Five children, aged 10 to 17, from the Atlanta Jewish Academy travelled to Azerbaijan, accompanied by Rabbi Reuven Travis and Jewish community leader George Birnbaum.
“Given the increasing religious tensions around the world, it is important for Jewish kids from America to experience a modern, pluralistic and tolerant Muslim country like Azerbaijan,” Birnbaum said. “There is an actual friendship between the Jewish and Muslim communities, between the government and the Jewish community.”
“This country breaks stereotypes,” Rabbi Travis said, adding that the group felt completely at ease in Azerbaijan. “In France, I wore a baseball cap. I thought it was more dangerous to walk the streets of Paris with my kippah on than the streets of Baku.”
The trip was facilitated on the ground by The European Azerbaijan Society, or TEAS, which arranged logistics as well as the sightseeing itinerary, which led the Jewish group from the Old City in the capital of Baku to the ancient rock paintings in Gobustan and the home of the Mountain Jews in Guba.
“I believe the kids learned a lot about Azerbaijani history and culture,” said TEAS Chairman Tale Heydarov. “Azerbaijan has become a symbol of religious tolerance in the region. Muslims, Jews and Christians live side by side in peace and harmony.”

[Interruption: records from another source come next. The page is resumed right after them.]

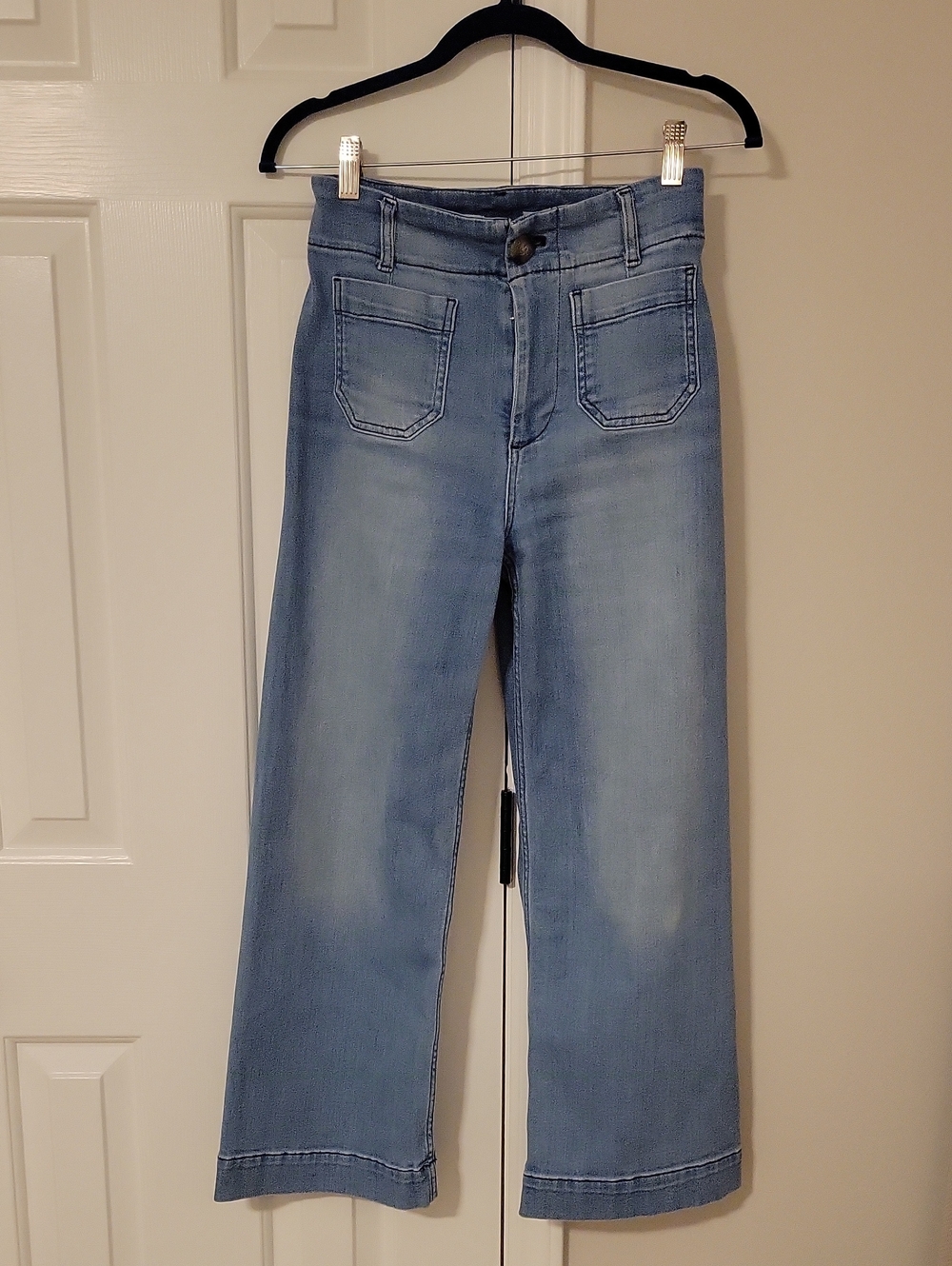 Pilcro and the Letterpress Light Blue Wide-Leg Jeans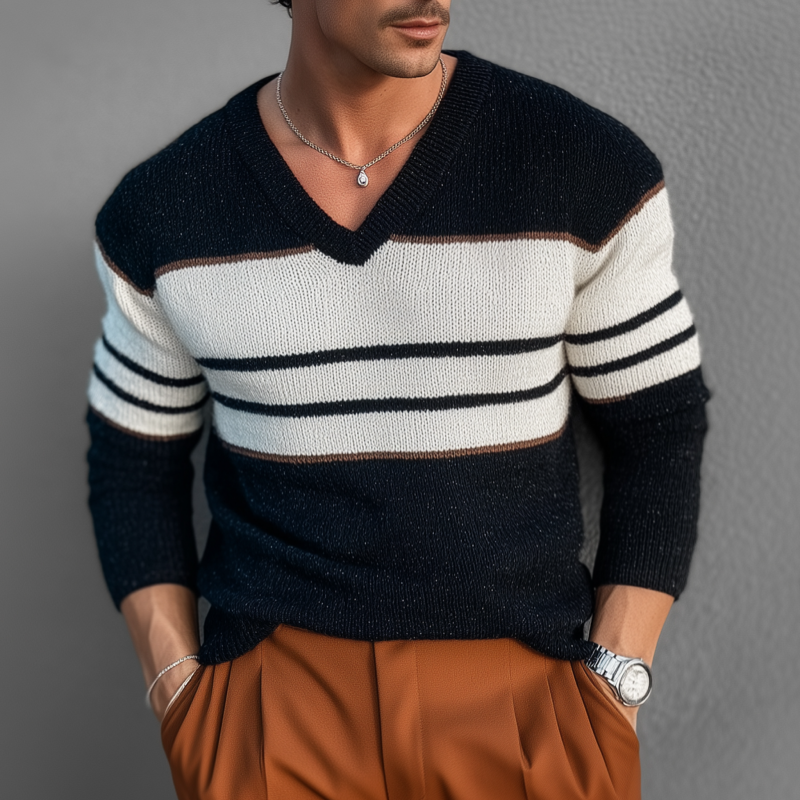 Men's Casual Colorblock V-neck Loose Pullover Knitted Long-sleeved Sweater MTA0161H9M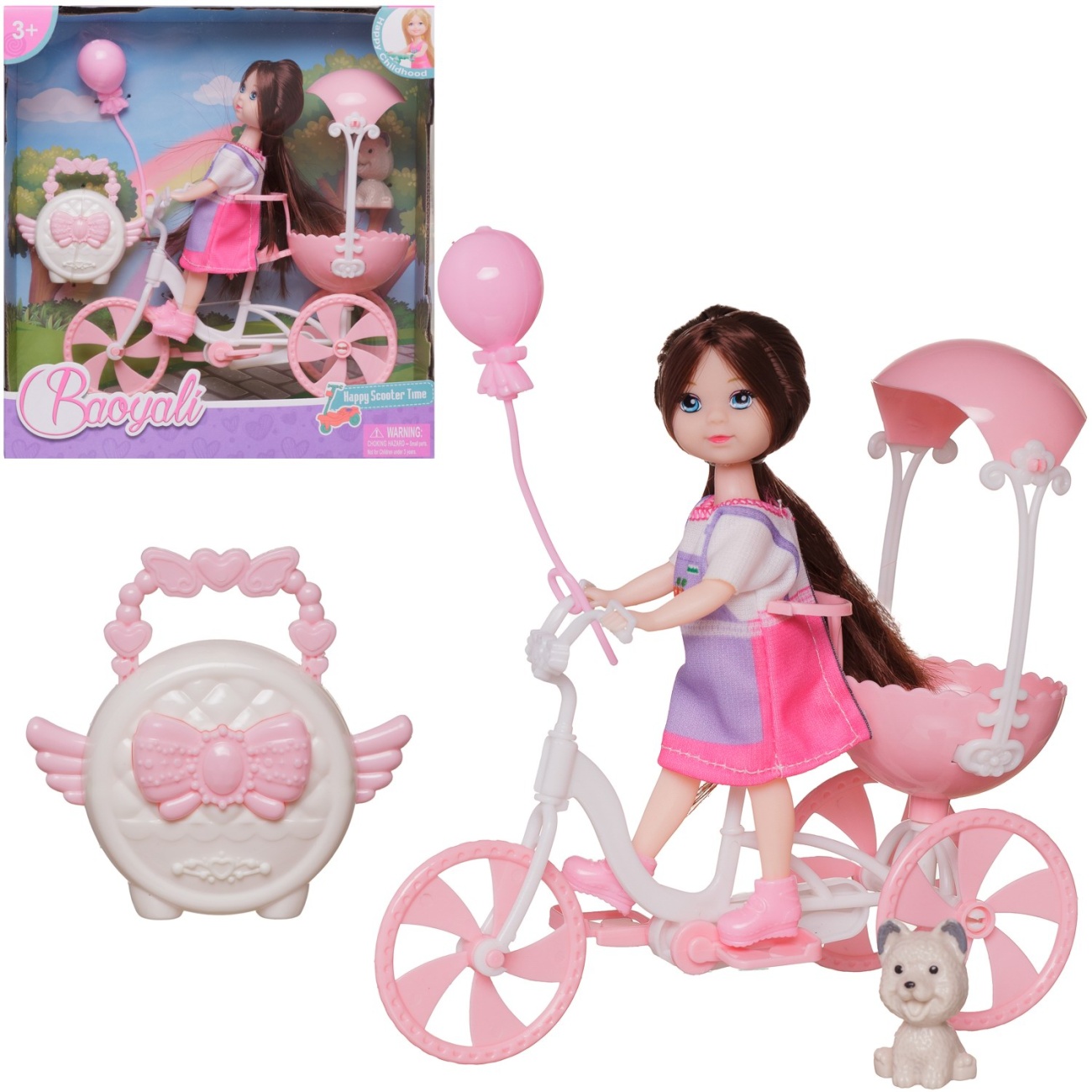 Игровой набор Junfa Кукла 13 см на бело-розовом велосипеде WJ-34687/бело-розовый
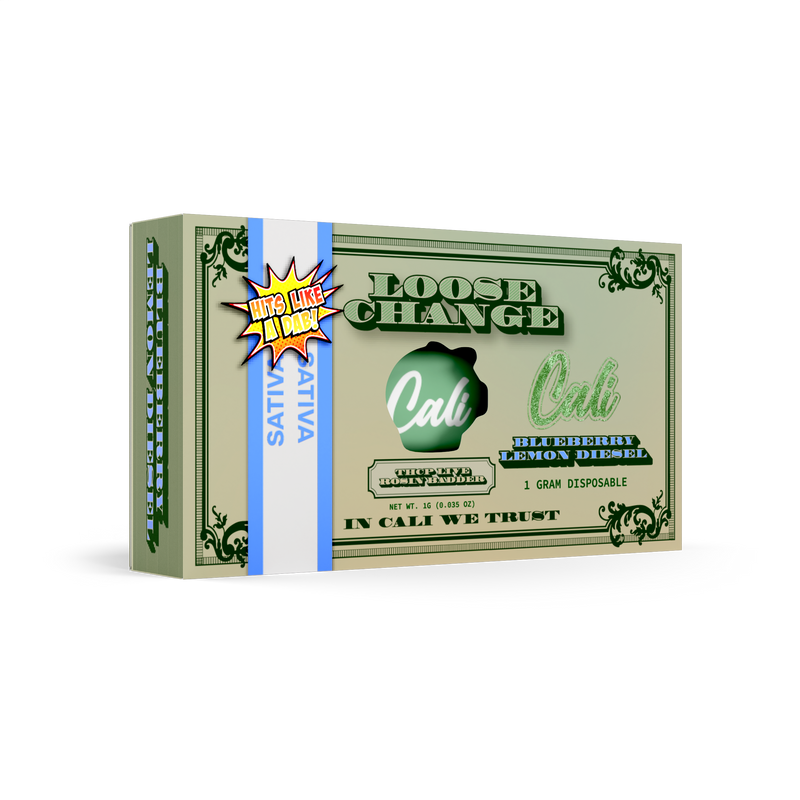 Packaging of "Cali Extrax Loose Change Disposables | 1g" with "Blueberry Lemon Diesel" flavor by Cali Extrax. The box features a dollar bill design, a tag that reads "Hits Like A Truck!", and contains Delta 8 disposables with THCP for an elevated experience.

“It’s important to spread the word of religious tolerance,” said 17-year-old Esther Benchetrit. “I will tell my friends and family to go and visit, because it’s beautiful and people are so sweet.”
This was the second trip by the Atlanta Jewish Academy to Azerbaijan and a similar program is being developed to bring Azerbaijani students to the U.S.
“We hope this project will yield long-term results, as the children grow into adults and create opportunities for business, politics, education and more between the two countries,” Birnbaum concluded.